= Proximity analysis =

Geospatial methods for analyzing distance

Proximity analysis is a class of spatial analysis tools and algorithms that employ geographic distance as a central principle. Distance is fundamental to geographic inquiry and spatial analysis, due to principles such as the friction of distance, Tobler's first law of geography, and Spatial autocorrelation, which are incorporated into analytical tools. Proximity methods are thus used in a variety of applications, especially those that involve movement and interaction.

== Distance measures ==

All
proximity analysis tools are based on a measure of distance between two locations. This may seen as a simplistic geometric measurement, but the nature of geographic phenomena and geographic activity requires several candidate methods to measure and express distance and distance-related measures.
- Euclidean distance, the straight-line geometric distance measured on a planar surface. In geographic information systems, this can be easily calculated from locations in a cartesian Projected coordinate system using the Pythagorean theorem. While it is the simplest method to measure distance, it rarely reflects actual geographic movement.
- Manhattan distance, the distance between two locations in a cartesian (planar) coordinate system along a path that only follows the x and y axes (thus appearing similar to a path through a grid street network such as that of Manhattan).
- Geodesic distance, the shortest distance between two locations that stays on the surface of the Earth, following a great circle. On a sphere, the formula uses the spherical law of cosines, but the method is significantly more difficult on an ellipsoid.
- Network distance, a measurement between two locations along a route within a constrained linear space, such as a road or utility network.
- Abstract distance, a measurement of distance in a space that is only indirectly related to geographic space, or only metaphorically spatial.
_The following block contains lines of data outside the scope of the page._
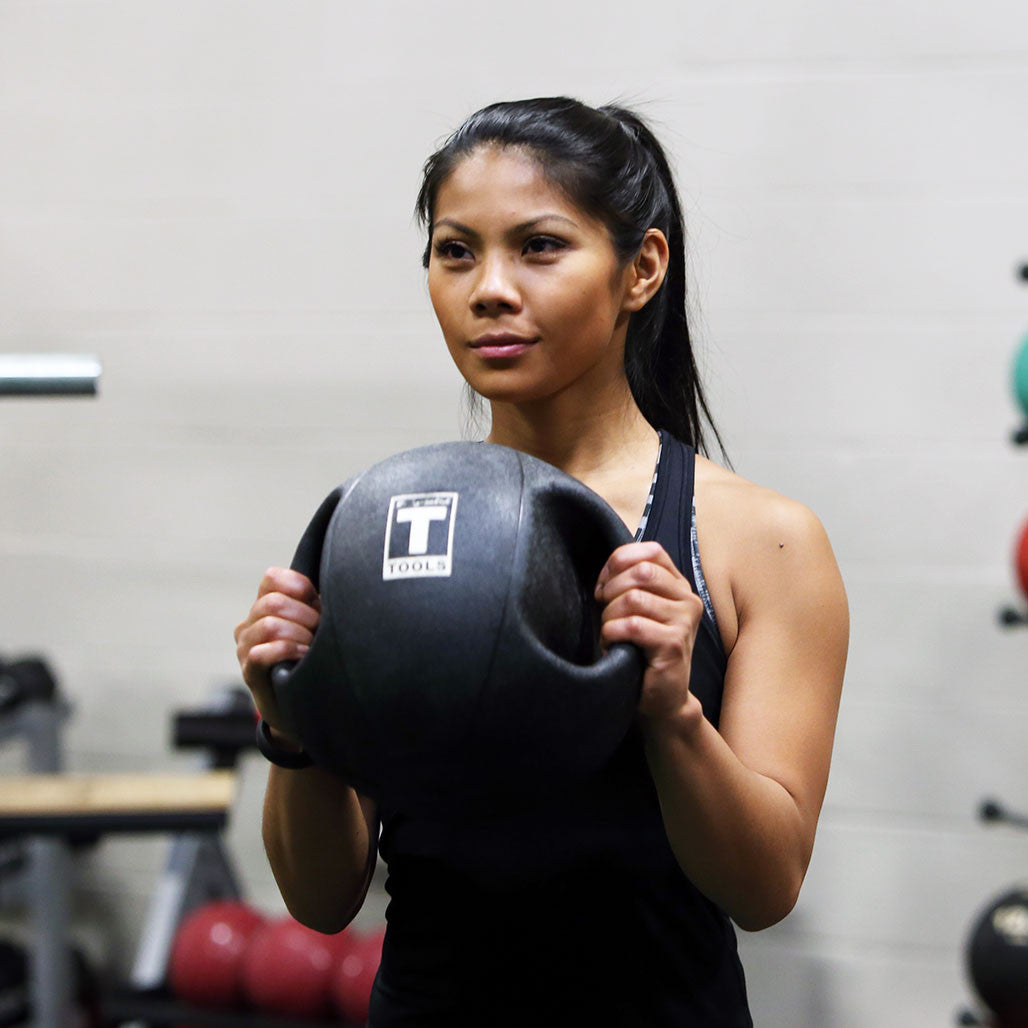 Person holding a Body-Solid dual grip medicine ball during strength training.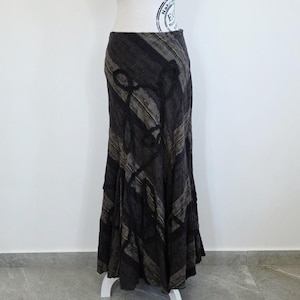 Puede incluir: Una falda larga de color gris oscuro con un patrón único. La falda presenta una combinación de rayas verticales y diagonales en tonos grises y negros. La falda se exhibe en un maniquí blanco.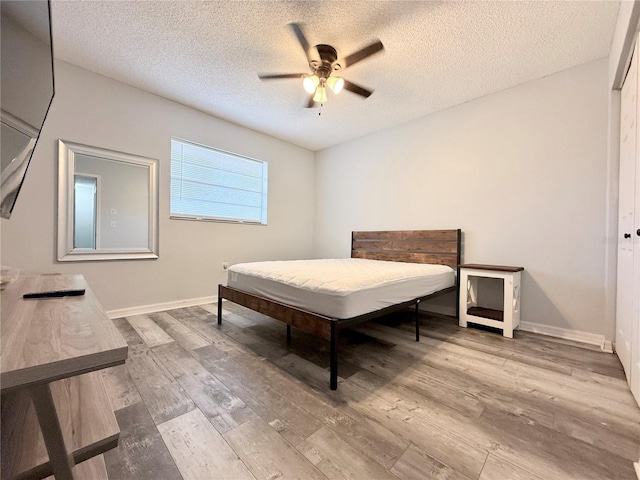 bedroom featuring a textured ceiling, wood finished floors, a ceiling fan, and baseboards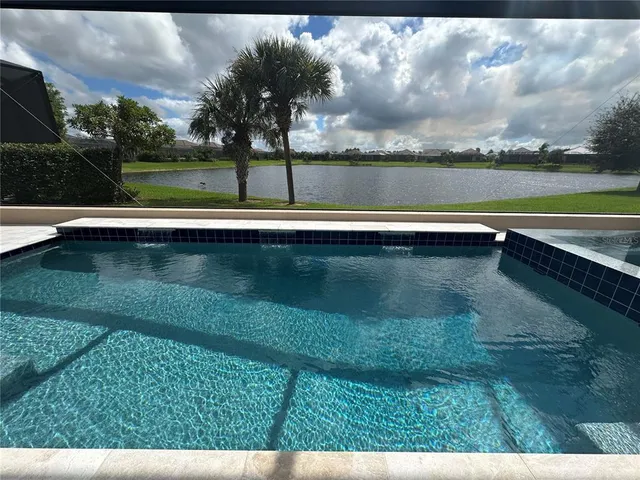 a view of swimming pool with a yard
Examples include social networks of interpersonal connections, information spaces of related concepts, and the hypertext network of the World Wide Web. Although these are not inherently geographic, projecting them into an abstract space allows geographic tools such as proximity analysis to be used to study them.
- Cost distance, a measurement along a route (in any of the above spaces) in which geometric distance is replaced by some other quantity that accumulates along the route (and is thus proportional to distance), called a cost because it generally serves as an undesirable quantity to be minimized. Travel time is the most common cost measurement, but other costs include carbon emissions, fuel consumption, environmental impacts, and construction costs.

== Techniques==
There are a variety of tools, models, and algorithms that incorporate geographic distance, due to the variety of relevant problems and tasks.

A Voronoi diagram

- Buffers, a tool for determining the region that is within a specified distance of a set of geographic features.
- Cost distance analysis, algorithms for finding optimal routes through continuous space that minimize distance and/or other location dependent costs.
- Voronoi diagram, also known as Thiessen polygons, an algorithm for partitioning continuous space into a set of regions based on a set of point locations, such that each region consists of locations that are closer to one of the points than any others.
- Distance decay, based on the Inverse square law, a mathematical model of how the influence of a phenomenon tends to be inversely proportional to the distance from it. A Gravity model is a similar model.
- Location analysis, a set of (usually heuristic) algorithms for finding the optimal locations of a limited set of points (e.g., store locations) that minimize the aggregate distance to another set of points (e.g., customer locations). A commonly used example is Lloyd's algorithm.
- Distance matrix, an array containing the distances (Euclidean or otherwise) between any two points in a set. This is frequently used as the independent variable in statistical tests of whether the strength of a relationship is correlated with distance, such as the volume of trade between cities.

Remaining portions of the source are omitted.